El pasaje forma parte de un largo monólogo sobre el cubismo, en el que Triano los desafía a pensar desde otro lugar.  Como aquella frase de Braque, el pintor no intenta reconstruir una anécdota sino instalar un hecho pictórico. Si bien Aira aclara que no conoció la producción de Triano, algunos caracteres los emparenta, como aquello que el mismo Aira hiperboliza: la conversación digresiva y filosófica. En sus Ensayos murmurados (2009, Mansalva}, Carrera describe la manera en que su amigo concibe sus novelitas:

Toda conversación, la más inesperada
puede resultar
una novela.
Un pensamiento en la caminata diaria
ya es un haiku.

En varios sentidos de su producción, Aira ha transmitido los cruces entre literatura y artes plásticas.  En su fantástica novela sobre Rugendas, en sus relatos sobre Picasso, Duchamp o la revista Artforum, incluso en alguno de sus ensayos,  se ven esos ejercicios de libertad dadaísta. En su novela más reciente, Pinceladas musicales (Blatt&Rios), Aira vuelve a ocuparse de Triano, esta vez sin mencionarlo, y subrepticiamente de la monotonía de  Pringles, que abandonó luego de terminar el colegio secundario. Allí pone en juego al relato como una máquina inventiva,  que se desvía de la silenciosa y desconocida vida “real” de Triano, y acentúa la imaginación y la estructura flexible de la ironía. Al protagonista, ”el pintor”, le encargan un fresco para el Palacio municipal. El fastuoso edificio Art Decó, en los últimos años objeto de visitas turísticas por la figura mítica de Salamone. A partir de allí, la novela otrora realista se vuelve una burbuja envolvente. 
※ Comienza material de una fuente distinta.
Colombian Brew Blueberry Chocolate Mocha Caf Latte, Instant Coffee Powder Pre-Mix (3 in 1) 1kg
Estas reflexiones lo llevaron a darse cuenta de que nunca se había puesto a pensar seriamente en las dificultades exigencias que encerraba el arte de la pintura.  Si pensaba, resultaban inmensas, casi infinitas. Más allá de los aspectos técnicos, que ya tenían lo suyo, estaba la actitud a asumir. No se podía no asumir ninguna, y si se la asumía tenía que ser una combinación de quietismo y acción- La acción era necesaria si el cuadro quería hacerse  y no quedarse en un fantaseo. Pero debía ser acción habitada por una inmovilidad de espera y latencia. Y esa complicación contradecía la simplicidad que para él era la clave del arte verdadero.
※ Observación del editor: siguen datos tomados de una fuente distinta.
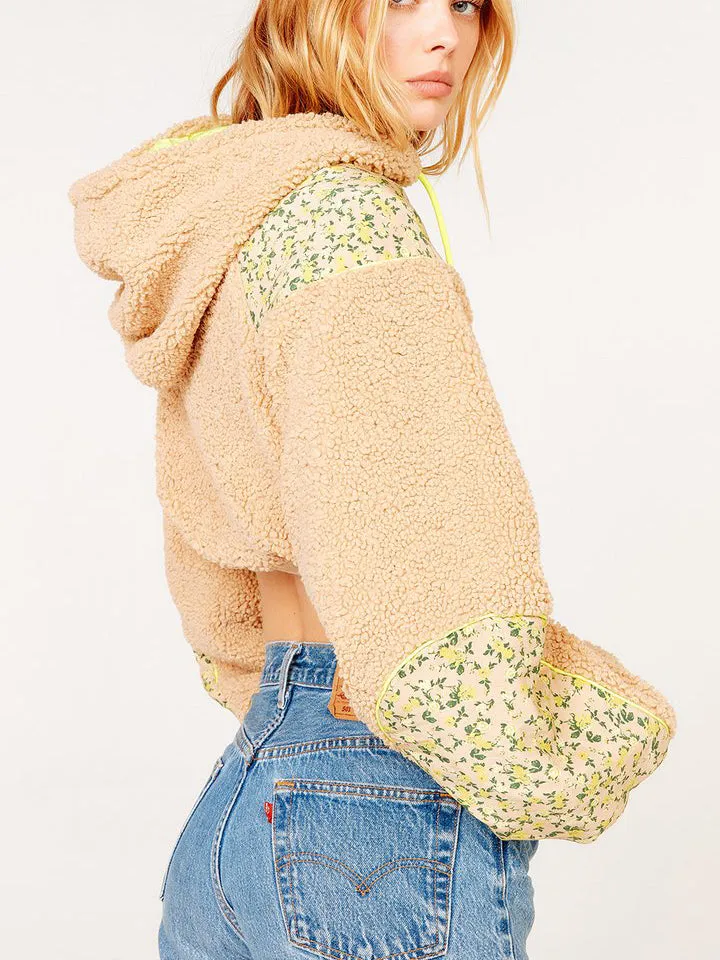 SLOANE SHEARLING CROPPED HOODIE Teddy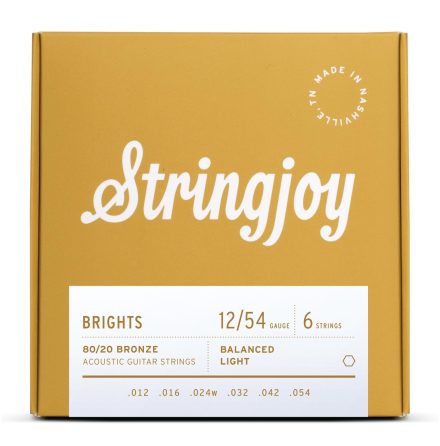 Stringjoy Brights | Light Gauge (12-54) 80/20 Bronze Acoustic Guitar Strings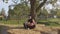 Mother and baby under the tree on the harvested straw in the village.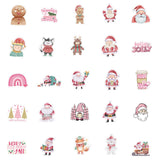 Craspire 50Pcs Christmas PVC Self Adhesive Stickers, Waterproof Decals for Water Bottle, Helmet, Luggage, Pink, 40~80mm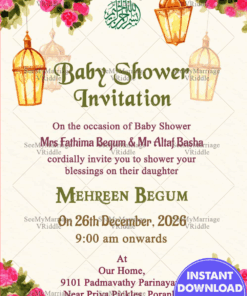 Pink Floral Theme Muslim Baby Shower Invitation Gif With Cream Background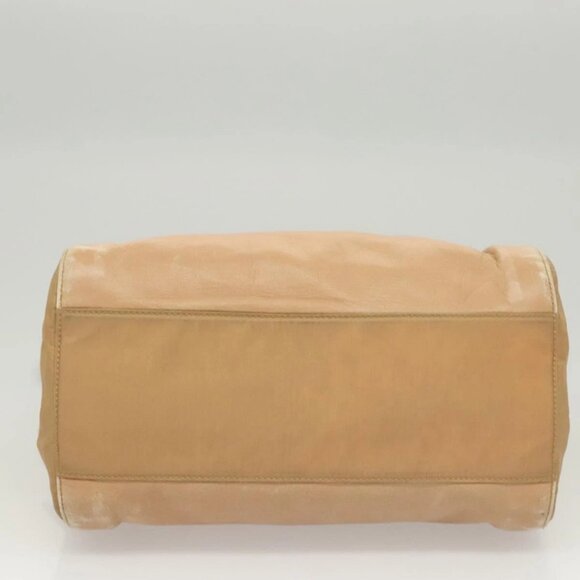 PRADA Chain Shoulder Bag Leather Beige Gold Auth 122203 - Picture 7 of 16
La producción de Triano, desconocida, está esparcida en varios museos de la región, gracias a distintos premios adquisición en los salones nacionales y provinciales.  No están fechados, pero hay variantes notables en el modo de firmar. Tal vez sea una forma posible de catalogar, o un juego tramposo del propio pintor. “En 2011 me puse a pensar qué pasaría con todas estas carpetas cuando uno no esté”, dice Susana.  El taller, a cuarenta años de la muerte de su abuelo, está casi intacto. Una escalera estrecha negra, que Aira describe en forma puntillosa, se mantiene, tapizada a sus costados por algunas pinturas campestres. Cerca del portal, emerge un gran espejo, el mismo con el que Triano hacía sus fotos y sus lienzos, y en el que los jóvenes Aira y Carrera vieron la aparición de un genio cautivo.